> [Instructions for the task]: Pictures aside, repeat the whole listing word for word.

> [Supplied material]:
=====

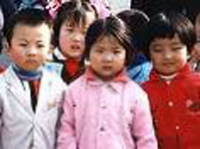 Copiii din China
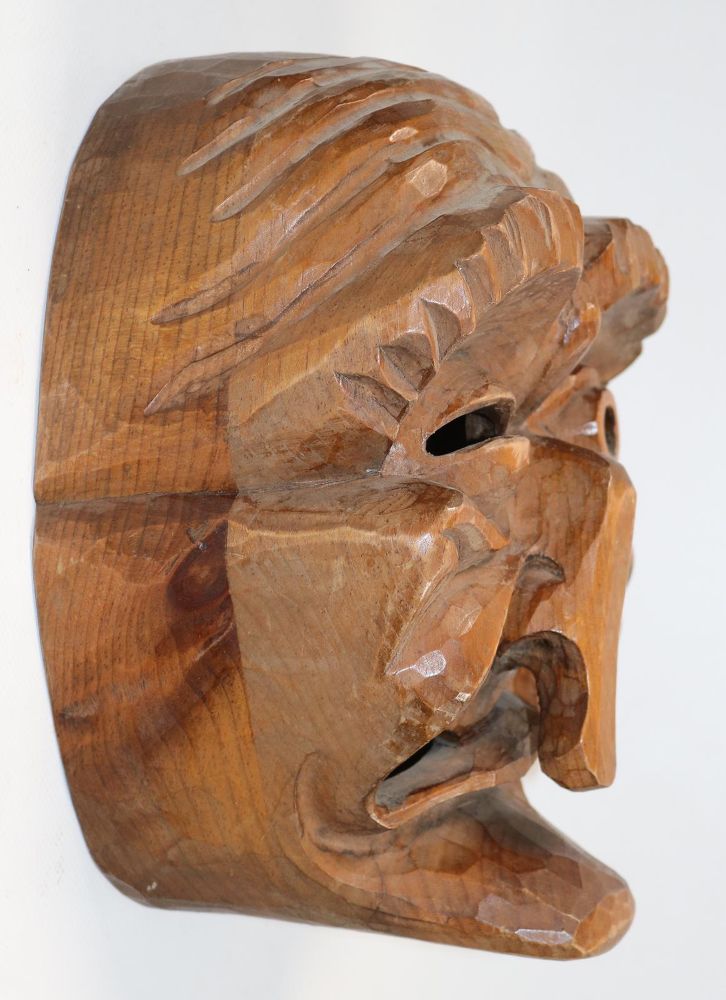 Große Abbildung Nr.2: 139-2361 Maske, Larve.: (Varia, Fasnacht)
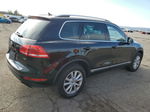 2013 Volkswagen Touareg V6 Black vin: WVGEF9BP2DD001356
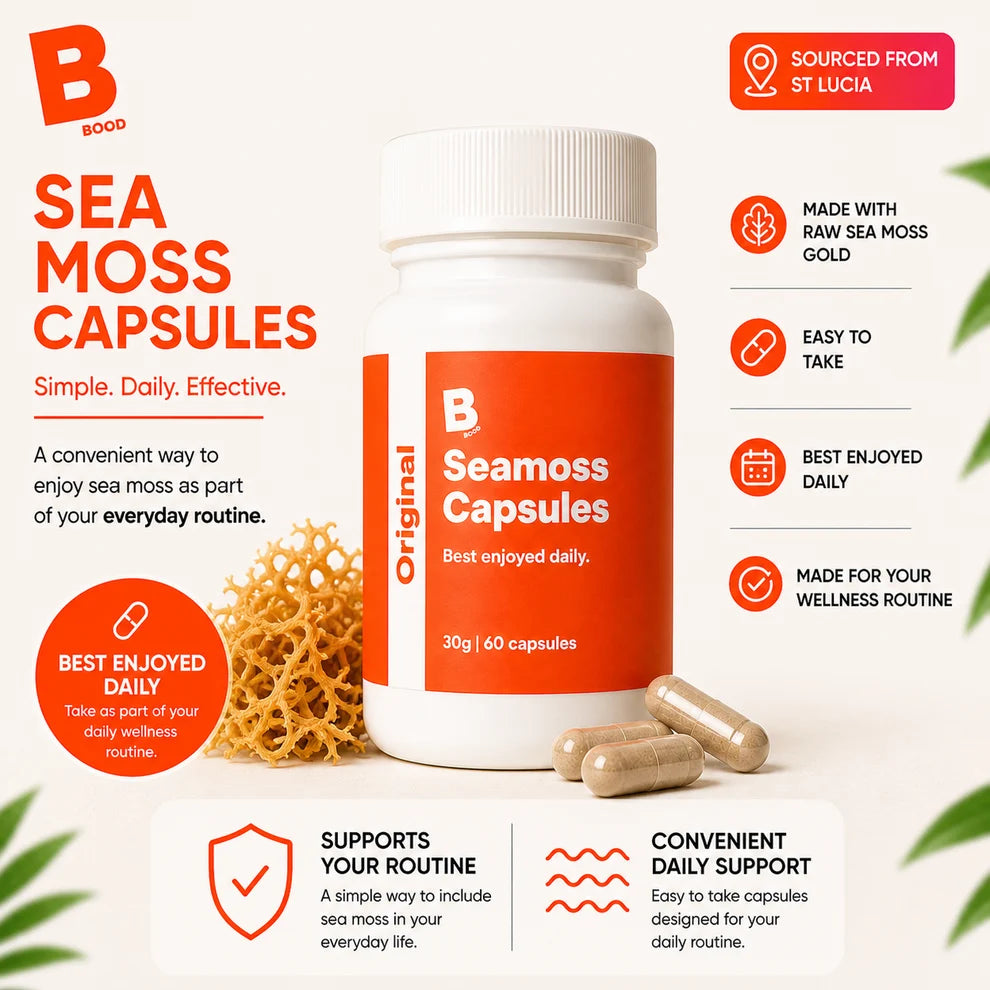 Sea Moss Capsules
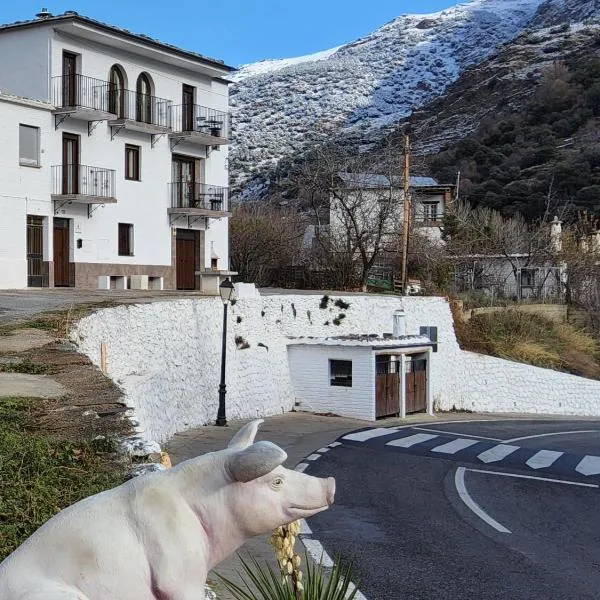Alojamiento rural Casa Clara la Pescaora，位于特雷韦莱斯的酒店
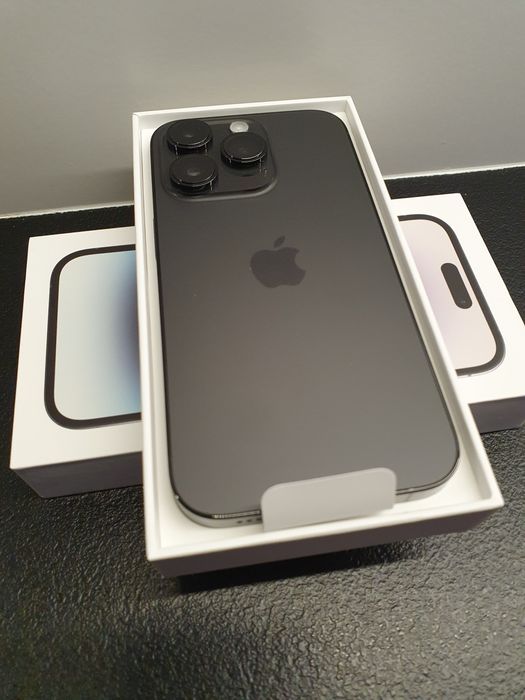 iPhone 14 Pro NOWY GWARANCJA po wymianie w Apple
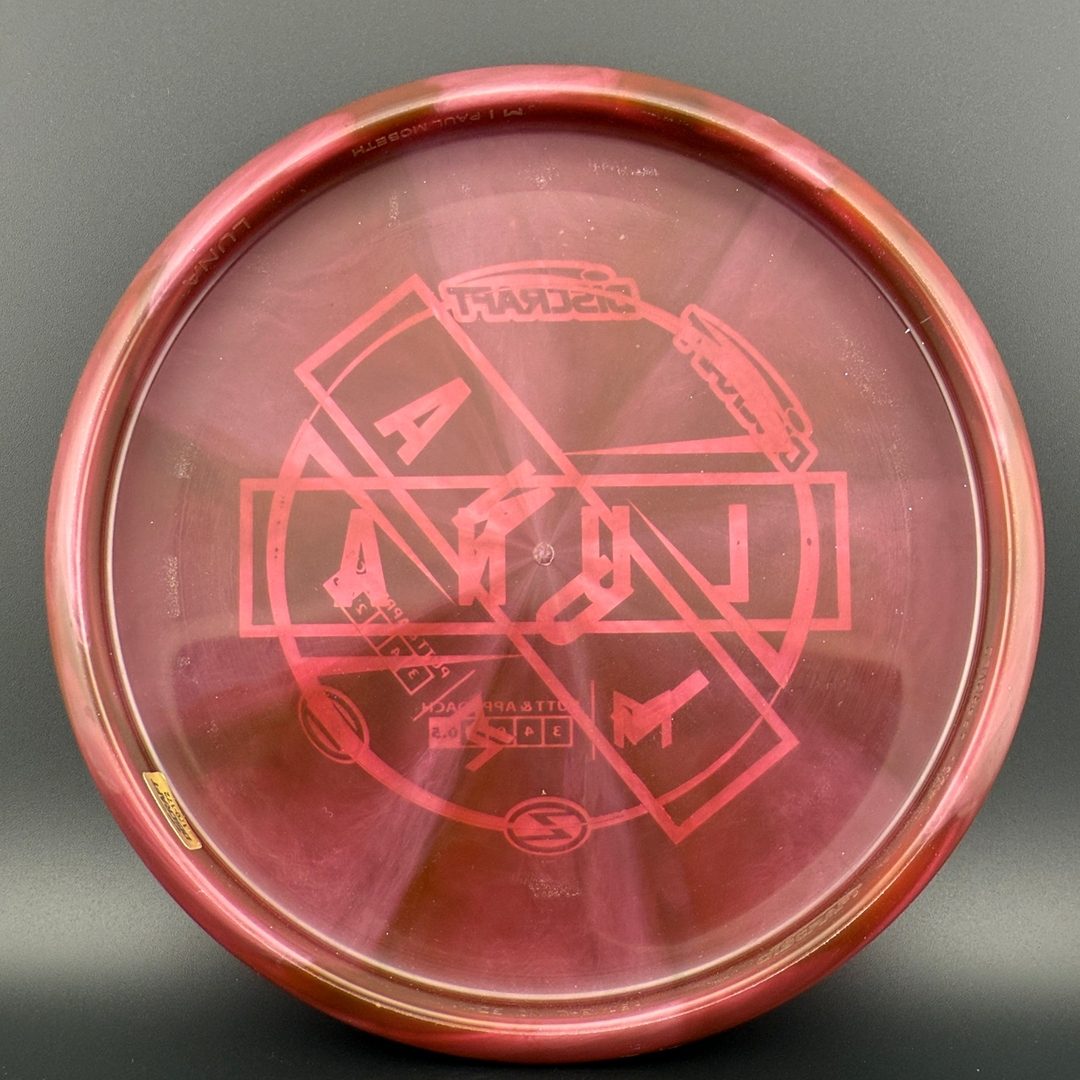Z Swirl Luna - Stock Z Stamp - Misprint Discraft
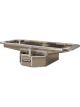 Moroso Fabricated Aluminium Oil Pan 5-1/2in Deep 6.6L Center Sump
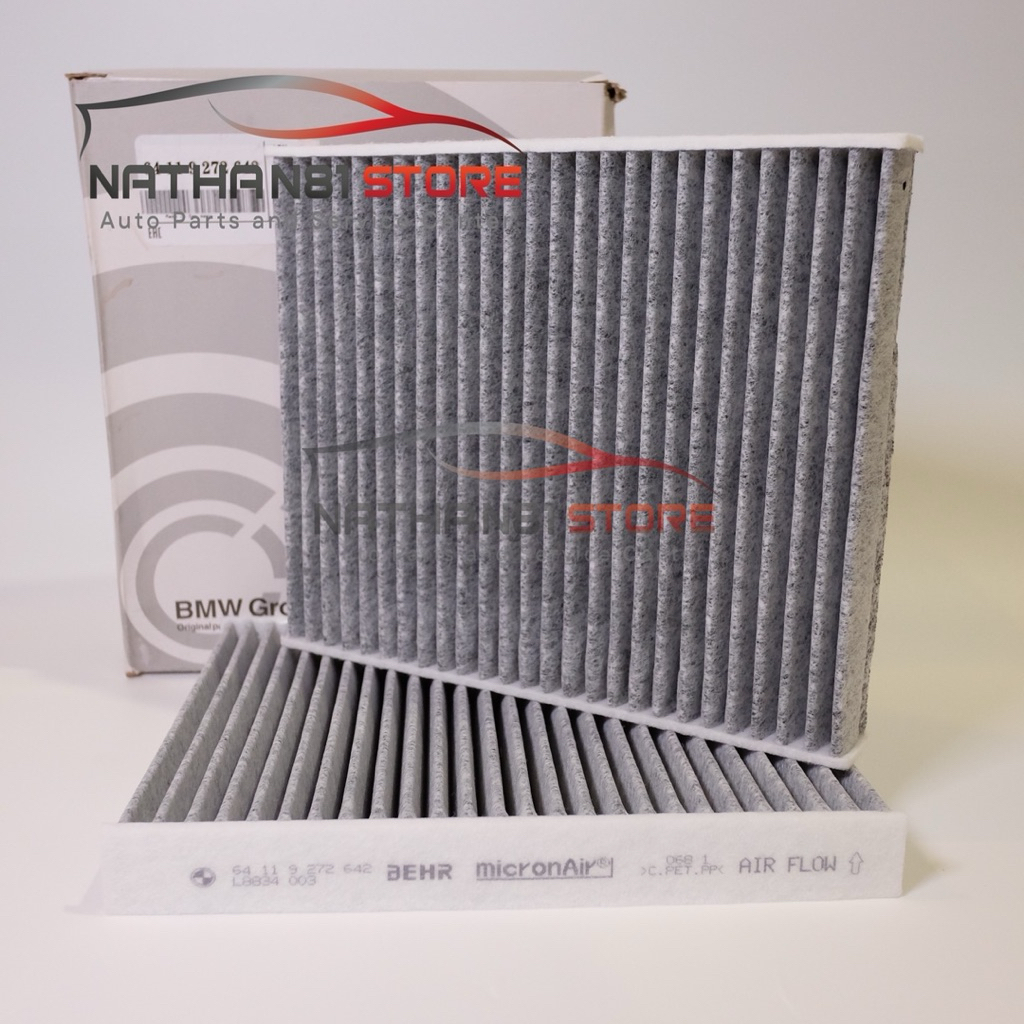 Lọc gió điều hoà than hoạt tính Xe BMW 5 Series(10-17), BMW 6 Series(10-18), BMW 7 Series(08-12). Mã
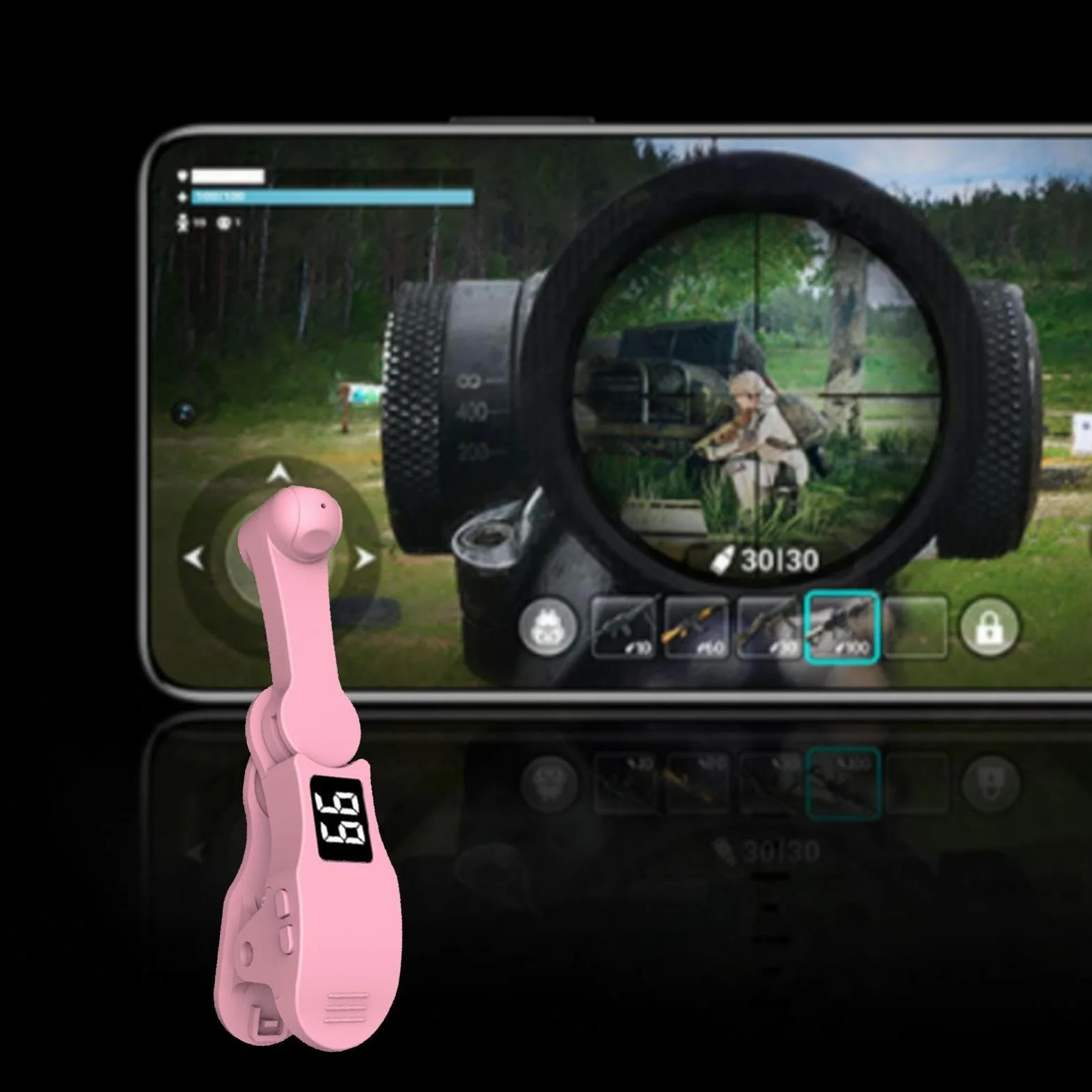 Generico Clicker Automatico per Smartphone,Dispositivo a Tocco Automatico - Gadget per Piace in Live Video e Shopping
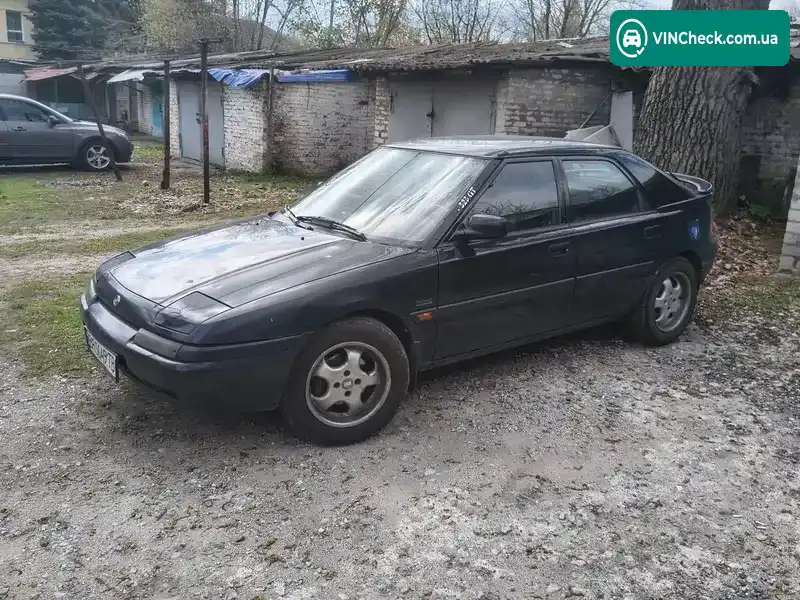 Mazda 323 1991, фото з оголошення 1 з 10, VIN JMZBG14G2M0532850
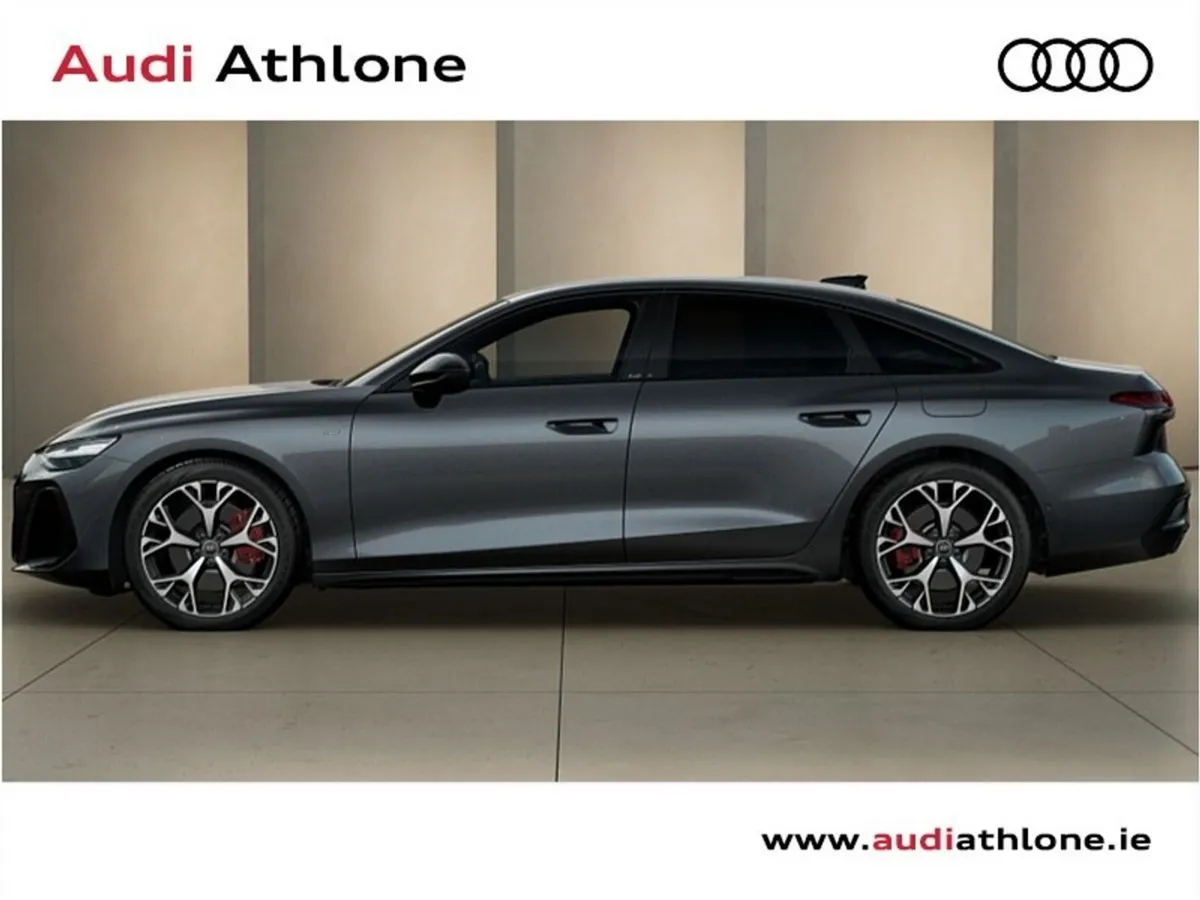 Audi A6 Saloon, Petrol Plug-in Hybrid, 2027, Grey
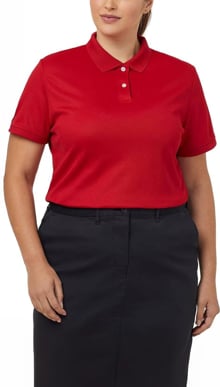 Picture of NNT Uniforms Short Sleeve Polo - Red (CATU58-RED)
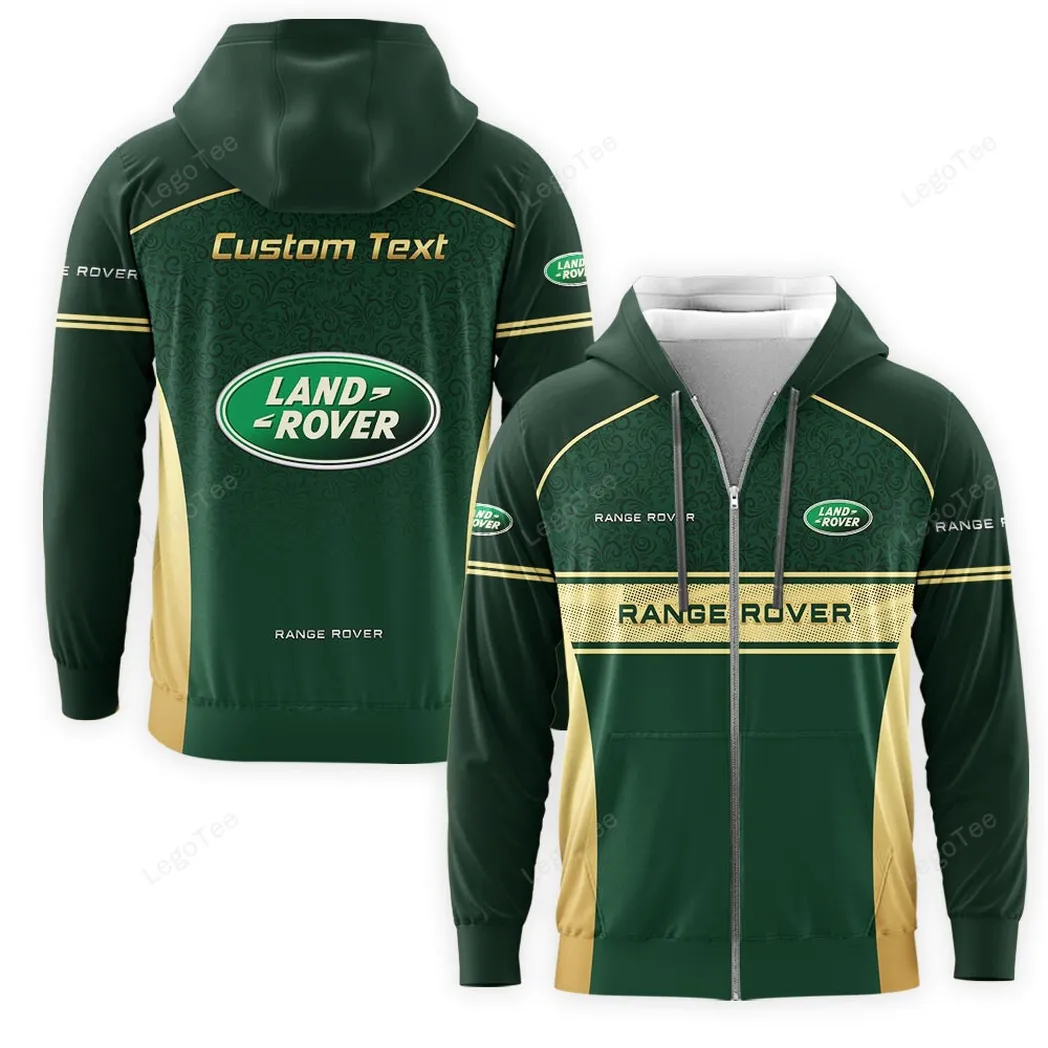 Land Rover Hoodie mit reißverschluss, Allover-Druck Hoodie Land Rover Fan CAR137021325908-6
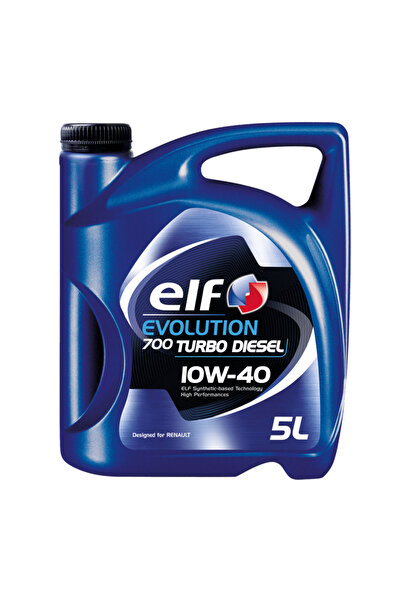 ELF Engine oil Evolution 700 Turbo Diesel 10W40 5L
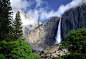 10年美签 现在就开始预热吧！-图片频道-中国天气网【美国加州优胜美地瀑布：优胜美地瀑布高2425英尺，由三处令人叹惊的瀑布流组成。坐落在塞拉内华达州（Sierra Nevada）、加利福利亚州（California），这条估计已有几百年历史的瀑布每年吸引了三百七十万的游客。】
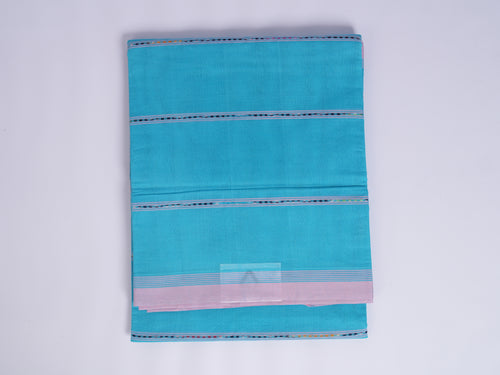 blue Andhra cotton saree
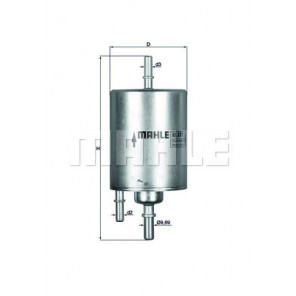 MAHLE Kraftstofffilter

=====

> [Answer area]:
 Copiii din China
 Große Abbildung Nr.2: 139-2361 Maske, Larve.: (Varia, Fasnacht)
 2013 Volkswagen Touareg V6 Black vin: WVGEF9BP2DD001356
 Sea Moss Capsules
Alojamiento rural Casa Clara la Pescaora，位于特雷韦莱斯的酒店
 iPhone 14 Pro NOWY GWARANCJA po wymianie w Apple
Z Swirl Luna - Stock Z Stamp - Misprint Discraft
 Moroso Fabricated Aluminium Oil Pan 5-1/2in Deep 6.6L Center Sump
 Lọc gió điều hoà than hoạt tính Xe BMW 5 Series(10-17), BMW 6 Series(10-18), BMW 7 Series(08-12). Mã
 Generico Clicker Automatico per Smartphone,Dispositivo a Tocco Automatico - Gadget per Piace in Live Video e Shopping
 Mazda 323 1991, фото з оголошення 1 з 10, VIN JMZBG14G2M0532850
 Audi A6 Saloon, Petrol Plug-in Hybrid, 2027, Grey
 Picture of NNT Uniforms Short Sleeve Polo - Red (CATU58-RED)
 Land Rover Hoodie mit reißverschluss, Allover-Druck Hoodie Land Rover Fan CAR137021325908-6
 ELF Engine oil Evolution 700 Turbo Diesel 10W40 5L
 10年美签 现在就开始预热吧！-图片频道-中国天气网【美国加州优胜美地瀑布：优胜美地瀑布高2425英尺，由三处令人叹惊的瀑布流组成。坐落在塞拉内华达州（Sierra Nevada）、加利福利亚州（California），这条估计已有几百年历史的瀑布每年吸引了三百七十万的游客。】
 blue Andhra cotton saree
 MAHLE Kraftstofffilter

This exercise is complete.